Workshop #2: ‘Ottoman Memories: Transculturalism and Empires in Comparison’
1 November 2013
1.30 pm Welcome/Network Introduction
1.45 pm Sami Zubaida (Birkbeck, University of London): ‘The Peculiarity of the Ottomans’
2.15 pm Jay Prosser (University of Leeds): ‘Mahallah memories: An Ottoman Jewish family in the British Empire’
2.45 pm – 3.15 pm COFFEE BREAK
3.15 pm John McLeod (University of Leeds): ‘Working with transculturalism’
3.45 pm Claire Launchbury (University of Leeds): ‘Imperial Topographies: Navigating Beirut in Time and Space’

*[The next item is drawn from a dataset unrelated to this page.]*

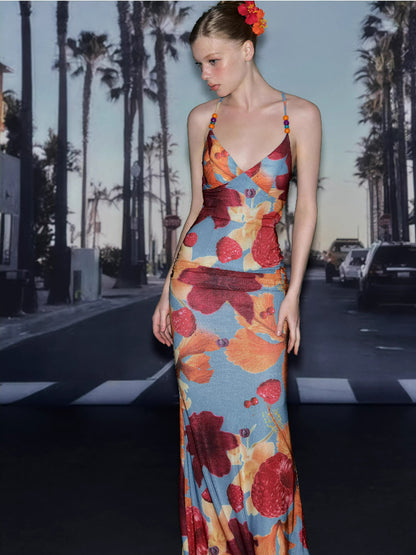 Tropical Backless Tie Maxi Dress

4.15 pm – 5:00 pm COFFEE BREAK & Roundtable Discussion
‘All empires create cultural syntheses of the different territories and peoples they rule, but the patterns of these syntheses and whom they reach and include vary. The Ottoman, in common with some other pre-capitalist empires, was not a ‘national’/Turkish hegemony, but embraced and absorbed elites from various ethnicities from its very beginning: the Janissary slave corps, Greek diplomats and administrators, Arab, Kurdish and Balkan aristocracies, and so on. The hegemony was not of Turks over others, but of the askari (military/ruling) class over ra`aya (subjects) Its official identity was as a Muslim power, defending the faith and maintaining its integrity. Yet, it embraced a great diversity of Islamic doctrines and practices, sometimes verging on syncretism. Its cultural syntheses, however, did not reach far beyond its elites and cities, and much of its population rural and tribal, remained isolated. In all these respects, the Ottoman was different from the later capitalist empires, the British, the French and the Dutch, which rapidly transformed the territories and populations under their rule in markets and economic dynamism, transport and communications, breaking up old modes of production and the households and communities that sustained them. It is interesting to trace patterns of cultural syntheses and transformations under the different forms of empire, looking at examples of language, music and food’.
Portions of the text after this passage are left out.